Now, when the fourth generation of the Nehru family is in politics, the nonagenarian from the Dravidian heartland is still hungry for success in the electoral battlefield. His electoral contemporary since 1957, K. Anbazhagan, DMK general secretary, has retired, paving the way for a possible political baptism of a grandson. 

The DMK warhorse’s electoral winning record is perhaps unmatched in the country. 



M Karunanidhi had been successful in each of the 12 Assembly elections he had contested. While he represented the rural constituencies of Kulithalai (1957), Thanjavur (1962) and Thiruvarur (2011) for a term each in the Assembly, he was twice elected from Saidapet (1967 & 1971), Anna Nagar (1977 & 1980) and Harbour (1989 & 1991) in Chennai. Voters in Chepauk in the State capital elected him in 1996, 2001 and 2006. 
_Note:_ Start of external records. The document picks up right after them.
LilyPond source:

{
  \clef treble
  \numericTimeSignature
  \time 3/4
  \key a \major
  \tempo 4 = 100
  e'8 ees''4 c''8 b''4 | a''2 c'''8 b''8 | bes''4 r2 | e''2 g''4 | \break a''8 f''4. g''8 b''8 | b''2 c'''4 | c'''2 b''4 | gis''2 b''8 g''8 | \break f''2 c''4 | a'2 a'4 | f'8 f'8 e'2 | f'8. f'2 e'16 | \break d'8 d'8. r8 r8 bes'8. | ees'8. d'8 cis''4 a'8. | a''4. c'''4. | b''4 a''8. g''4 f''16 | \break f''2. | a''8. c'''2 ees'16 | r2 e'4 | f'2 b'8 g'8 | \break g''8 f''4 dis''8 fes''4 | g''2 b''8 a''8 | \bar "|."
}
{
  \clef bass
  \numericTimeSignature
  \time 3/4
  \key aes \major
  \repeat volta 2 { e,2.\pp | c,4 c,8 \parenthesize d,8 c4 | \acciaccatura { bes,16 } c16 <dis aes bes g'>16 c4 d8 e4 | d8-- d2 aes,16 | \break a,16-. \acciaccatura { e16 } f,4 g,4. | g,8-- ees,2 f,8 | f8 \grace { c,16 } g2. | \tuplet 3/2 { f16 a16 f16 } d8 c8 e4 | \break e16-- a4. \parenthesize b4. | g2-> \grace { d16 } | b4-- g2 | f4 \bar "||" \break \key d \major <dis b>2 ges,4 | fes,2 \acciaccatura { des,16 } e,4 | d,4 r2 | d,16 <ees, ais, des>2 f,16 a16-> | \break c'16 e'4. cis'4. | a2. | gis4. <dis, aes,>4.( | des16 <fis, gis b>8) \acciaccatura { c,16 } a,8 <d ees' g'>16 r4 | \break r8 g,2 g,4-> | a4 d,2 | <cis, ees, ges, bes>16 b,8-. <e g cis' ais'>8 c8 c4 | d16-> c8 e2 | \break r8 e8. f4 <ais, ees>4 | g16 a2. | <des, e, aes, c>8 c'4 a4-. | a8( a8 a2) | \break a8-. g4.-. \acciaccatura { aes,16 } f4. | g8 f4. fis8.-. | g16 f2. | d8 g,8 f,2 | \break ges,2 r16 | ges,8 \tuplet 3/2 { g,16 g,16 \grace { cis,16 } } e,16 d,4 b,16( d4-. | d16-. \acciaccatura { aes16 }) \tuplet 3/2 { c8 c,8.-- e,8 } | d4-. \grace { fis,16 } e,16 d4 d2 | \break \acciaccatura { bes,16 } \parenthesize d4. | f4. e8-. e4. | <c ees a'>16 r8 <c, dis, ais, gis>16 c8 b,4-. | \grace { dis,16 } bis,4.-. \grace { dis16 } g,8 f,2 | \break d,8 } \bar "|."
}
M Karunanidhi 's winning streak would have been another notch higher had he contested in 1984, when his friend-turned-foe and AIADMK founder M.G. Ramachandran, or MGR, famously won lying in a hospital bed in Brooklyn, U.S. Mr. Karunanidhi chose to stay away as he had been elected to the then Legislative Council after resigning as MLA in 1983 in protest against the attack on ethnic Tamils in Sri Lanka

M Karunanidhi managed to enter the Assembly even while his party lost on five occasions. Two such victories would stand out. In 1980, when MGR fielded H.V. Hande, a medical practitioner in Anna Nagar, against Mr. Karunanidhi, the DMK president faced his toughest electoral battle. He scraped through by a margin of 699 votes.
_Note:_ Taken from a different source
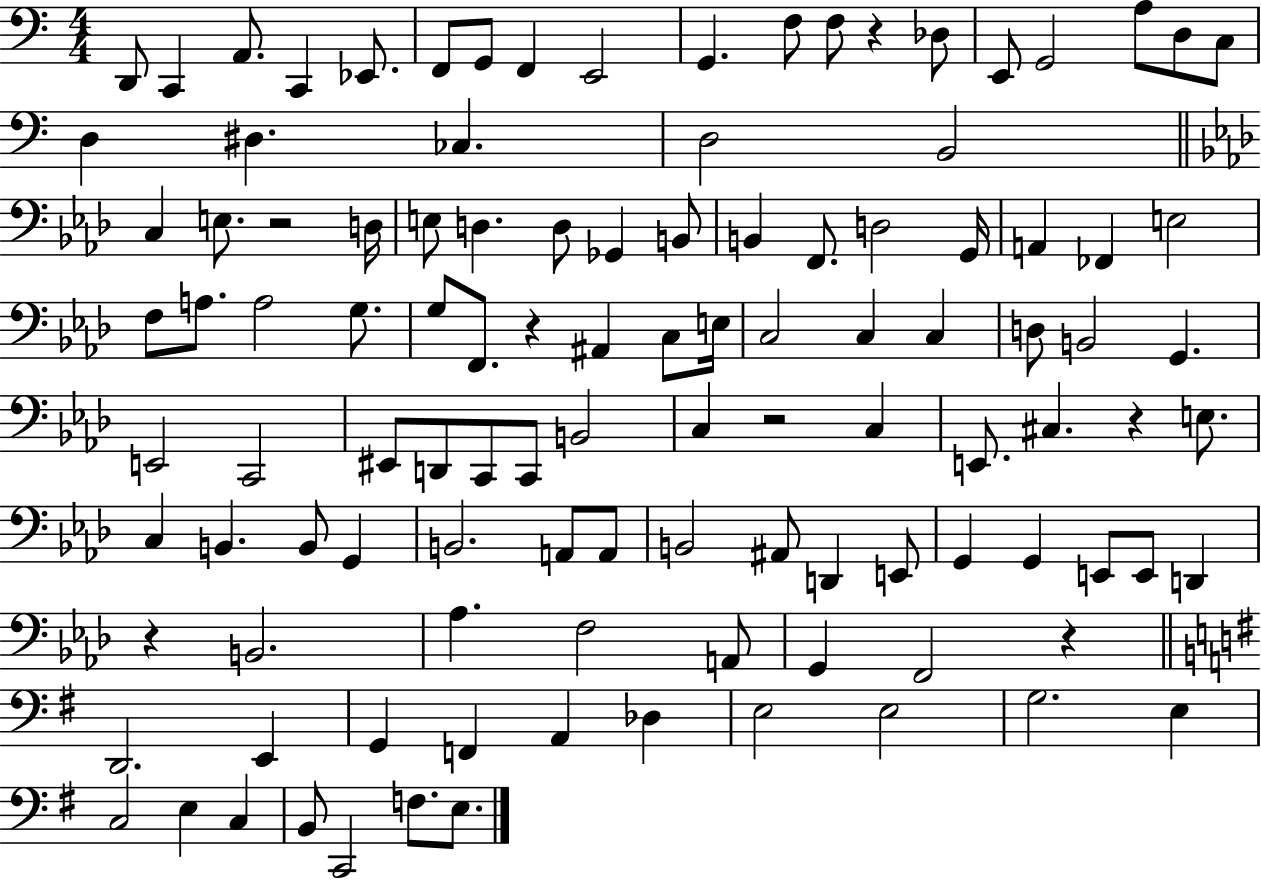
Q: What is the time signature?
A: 4/4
The next close call was in 1991 when he was the lone DMK candidate to win, but by a thin margin of 890 votes in Harbour (another candidate won in a by-election), as the AIADMK-Congress combine swept to power on the sympathy wave generated by the assassination of the former Prime Minister Rajiv Gandhi in Sriperumbudur. But he resigned his membership.